Tel qu'annoncé lors de la conférence d'information du 19 avril, ceux qui voulaient se procurer ces sièges n'avaient qu'à formuler une demande au nouveau propriétaire, Olymbec.
Selon Marc Laliberté, directeur des opérations régionales de cette firme immobilière, «plusieurs personnes» sont passées pour repartir avec leur morceau d'histoire.
Difficile d'en connaître le décompte exact, puisque ces acquisitions ont étéréalisées sur une très courte période, pendant la démolition intérieure.
Les portions de bancs qui n'ont pas été réclamées ont tout simplement été envoyées au recyclage, mentionneCaroline Grondin, agente aux communications à la Ville de Shawinigan.
«Les gens ont téléphoné longtemps après qu'on ait vidé l'aréna», indique M. Laliberté. «Ces bancs étaient assez difficile à défaire. La seule façon d'y arriver sans prendre un temps fou, c'était avec une pelle mécanique. Nous en avons distribué plusieurs, mais les rangées étaient très longues. Ce n'était pas comme des bancs individuels. Ça a ralenti des ardeurs!»
Bob Lord, président du Grenier du sport, ne voulait pour rien au monde rater l'occasion de se procurer ce précieux souvenir. Pendant la démolition, il a mis la main sur une section de rangée de sièges bleus, des numéros 701 à 707.
Le choix n'a pas été guidé par les sentiments, mais plutôt par la... proximité de la sortie del'aréna, compte tenu du poids et du volume de cet article particulier.
«Lors de ma visite, j'en ai profité pour aller une dernière fois dans le vestiaire des Cataractes», raconte cet ex-joueur de hockey junior.
«Je suis sans doute l'un des derniers à avoir été dans mon ancienne chambre!»
Cette rangée sera évidemment mise en valeur lors d'une éventuelle exposition.

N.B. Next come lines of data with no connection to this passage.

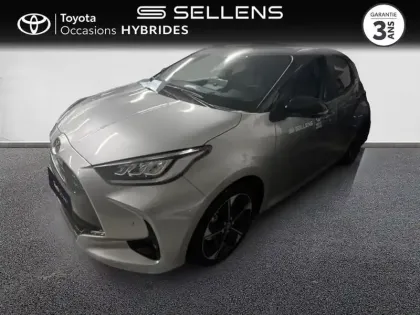 Photo Toyota Yaris Collection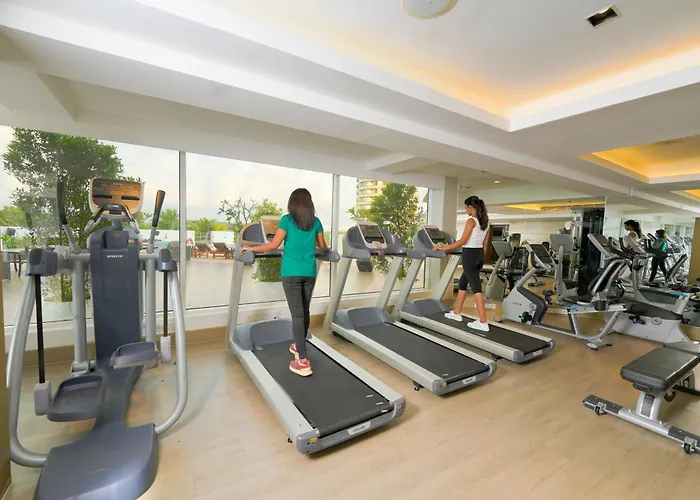 Gokulam Grand Trivandrum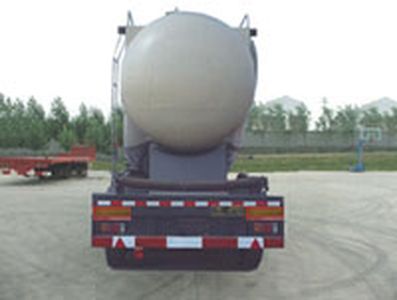 Yanshan  BSQ9400GFL Powder material transportation semi-trailer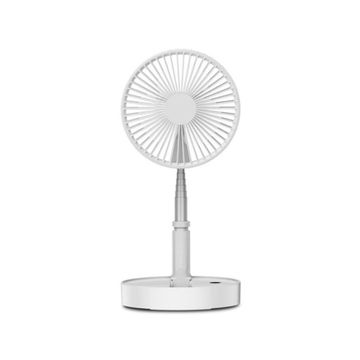 Multi-functional Folding Fan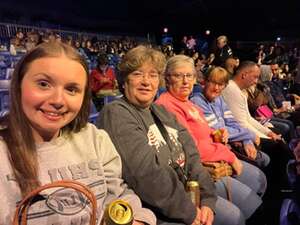 Cirque Du Soleil: Bazzar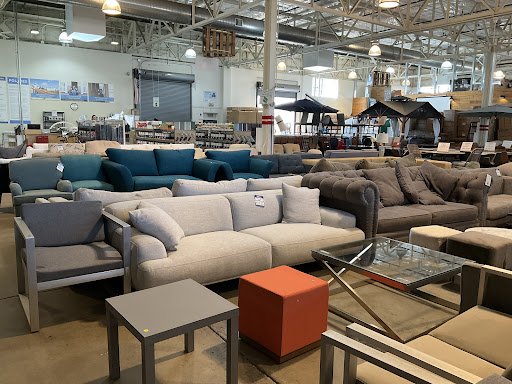 Habitat for Humanity ReStore San Jose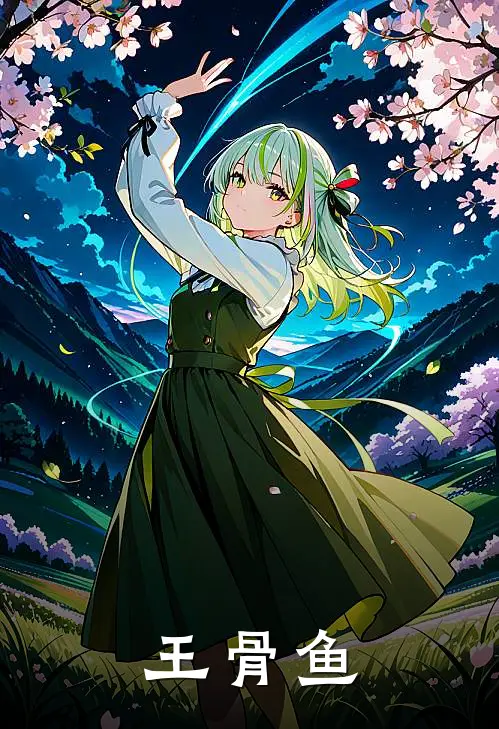 王骨鱼
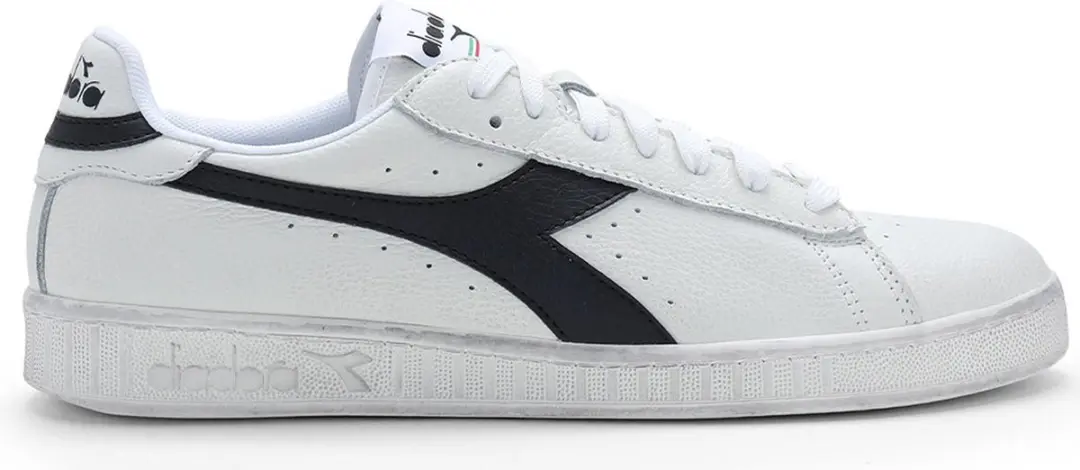 Diadora Game L Low Waxed Dames Lage sneakers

L'équipe du Grenier du sport a également récupéré une douzaine de baies vitrées, qui seront d'abord nettoyées avant d'être utilisées pour un montage.
Ces articles revêtaient une grande valeur pour la petite équipe qui se dévoue pour garder en vie le patrimoine sportif régional depuis maintenant vingt ans.
«Tout ce qui touche au sport nous intéresse», relate M. Lord. «La moindre petite chose peut prendre beaucoup d'importance avec les années. Or, ces bancs sont directement liés à l'histoire du hockey à Shawinigan et à l'aréna Jacques-Plante.»
Le responsable salue l'ouverture d'Olymbec et de la Ville de Shawinigan, qui ont contribué à conserver cette pièce riche en histoire.
«C'est sûr qu'on ne pouvait pas sortir ça facilement de là», sourit M. Lord. «Ce n'est pas comme un banc du Canadien! Mais pour le Grenier du sport, c'était une pièce de collection incontournable.»
Pour le moment, ce petit musée est installé un peu pêle-mêle à l'intérieur de deux classes de l'ancienne école Saint-Jean-Bosco du secteur Grand-Mère.
À l'automne, le Grenier du sport devrait transmettre une demande à la Ville de Shawinigan pour présenter une exposition dans un corridor de ce bâtiment.
La petite équipe travaille également sur un projet d'exposition des Cataractes au Centre Bionest et sur le ski à la station Vallée-du-Parc.